Par ordonnance du 04 juin 2014, le juge des référés désignait en qualité d’Expert judiciaire le Docteur [E] [J] et condamnait la société d’assurance MAIF venant aux droits de FILIA-MAIF à payer à Monsieur [P] [S] la somme provisionnelle de 40.000 euros à valoir sur la réparation de son préjudice corporel.
Le Docteur [E] [J] rendait son rapport définitif d’expertise les 11 septembre 2014 et 17 septembre 2015 dans lequel il fixait la date de consolidation de Monsieur [P] [S] au 21 avril 2015, retenant 25% d’AIPP après avoir pris en compte le rapport du sapiteur neurologue Docteur [V].
Arguant une aggravation de son état de santé, par actes séparés du 19 novembre 2025, auxquels il est expressément fait référence pour un plus ample exposé des faits, de ses moyens, prétentions et demandes, Monsieur [P] [S] a fait assigner la société d’assurance MAIF et la CPAM du VAR, à comparaitre devant la présidente du tribunal judiciaire de Draguignan, statuant en référé, aux fins d’ordonner la désignation d’un expert et d’obtenir la condamnation de la société d’assurance MAIF à lui payer les sommes de 5.000 euros à titre de provision ad litem et de 3.000 euros au titre des dispositions de l’article 700 du code de procédure civile, outre les entiers dépens avec distraction au profit de la SCP ROBERT & FAIN-ROBERT.

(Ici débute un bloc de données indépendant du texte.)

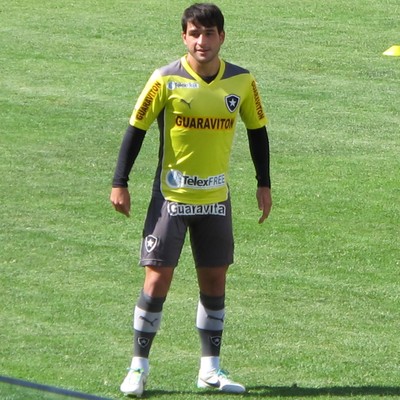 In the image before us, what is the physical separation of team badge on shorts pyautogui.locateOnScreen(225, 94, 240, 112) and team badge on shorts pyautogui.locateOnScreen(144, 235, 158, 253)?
0.81 meters

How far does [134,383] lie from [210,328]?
56cm

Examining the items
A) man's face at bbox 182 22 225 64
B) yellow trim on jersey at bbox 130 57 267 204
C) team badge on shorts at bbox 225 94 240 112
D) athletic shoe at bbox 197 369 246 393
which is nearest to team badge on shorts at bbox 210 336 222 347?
athletic shoe at bbox 197 369 246 393

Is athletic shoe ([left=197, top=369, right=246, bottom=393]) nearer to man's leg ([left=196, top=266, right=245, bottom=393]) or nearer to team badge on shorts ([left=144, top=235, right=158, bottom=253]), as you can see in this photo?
man's leg ([left=196, top=266, right=245, bottom=393])

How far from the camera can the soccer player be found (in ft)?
22.1

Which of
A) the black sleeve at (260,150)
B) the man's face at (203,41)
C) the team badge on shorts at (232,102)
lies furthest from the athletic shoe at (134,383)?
the man's face at (203,41)

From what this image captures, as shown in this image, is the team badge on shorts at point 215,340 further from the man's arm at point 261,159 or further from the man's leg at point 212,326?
the man's arm at point 261,159

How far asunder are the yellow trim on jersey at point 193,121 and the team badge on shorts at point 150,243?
24 centimetres

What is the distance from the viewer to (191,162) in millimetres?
6832

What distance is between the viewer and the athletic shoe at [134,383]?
6848 millimetres

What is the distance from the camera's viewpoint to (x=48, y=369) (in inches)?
287

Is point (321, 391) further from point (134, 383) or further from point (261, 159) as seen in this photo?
point (261, 159)

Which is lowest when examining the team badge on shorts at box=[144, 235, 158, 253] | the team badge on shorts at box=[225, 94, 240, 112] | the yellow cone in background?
the team badge on shorts at box=[144, 235, 158, 253]

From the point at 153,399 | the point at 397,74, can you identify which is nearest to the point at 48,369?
the point at 153,399

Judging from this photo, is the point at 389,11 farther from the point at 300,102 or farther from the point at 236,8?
Result: the point at 300,102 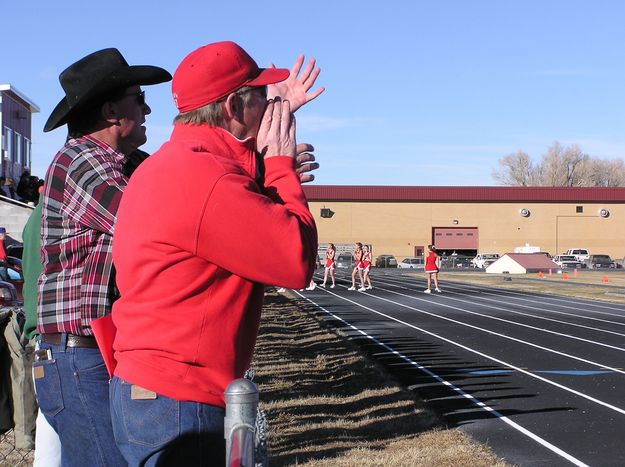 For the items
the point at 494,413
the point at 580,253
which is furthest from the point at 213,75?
the point at 580,253

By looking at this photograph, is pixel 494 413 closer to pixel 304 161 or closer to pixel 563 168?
pixel 304 161

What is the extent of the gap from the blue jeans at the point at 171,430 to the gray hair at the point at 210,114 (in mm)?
706

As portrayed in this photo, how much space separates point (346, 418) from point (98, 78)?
6.13 meters

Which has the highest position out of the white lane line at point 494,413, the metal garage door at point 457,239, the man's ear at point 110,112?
the metal garage door at point 457,239

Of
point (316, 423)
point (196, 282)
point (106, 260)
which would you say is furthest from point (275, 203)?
point (316, 423)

Par conclusions notifiées par RPVA le 10 décembre 2025, auxquels il est expressément fait référence pour un plus ample exposé des faits, de ses moyens, prétentions et demandes, la société d’assurance MAIF sollicite de débouter Monsieur [P] [S] de l’intégralité de ses demandes, de recevoir ses protestations et réserve sur la demande d’expertise, de réduire à de plus justes proportions la somme sollicitée au titre de l’article 700 du code de procédure civile et de réserver les dépens.
L’affaire a été appelée à l’audience du 10 décembre 2025, à laquelle la CPAM du VAR n’a pas constitué avocat ni comparu.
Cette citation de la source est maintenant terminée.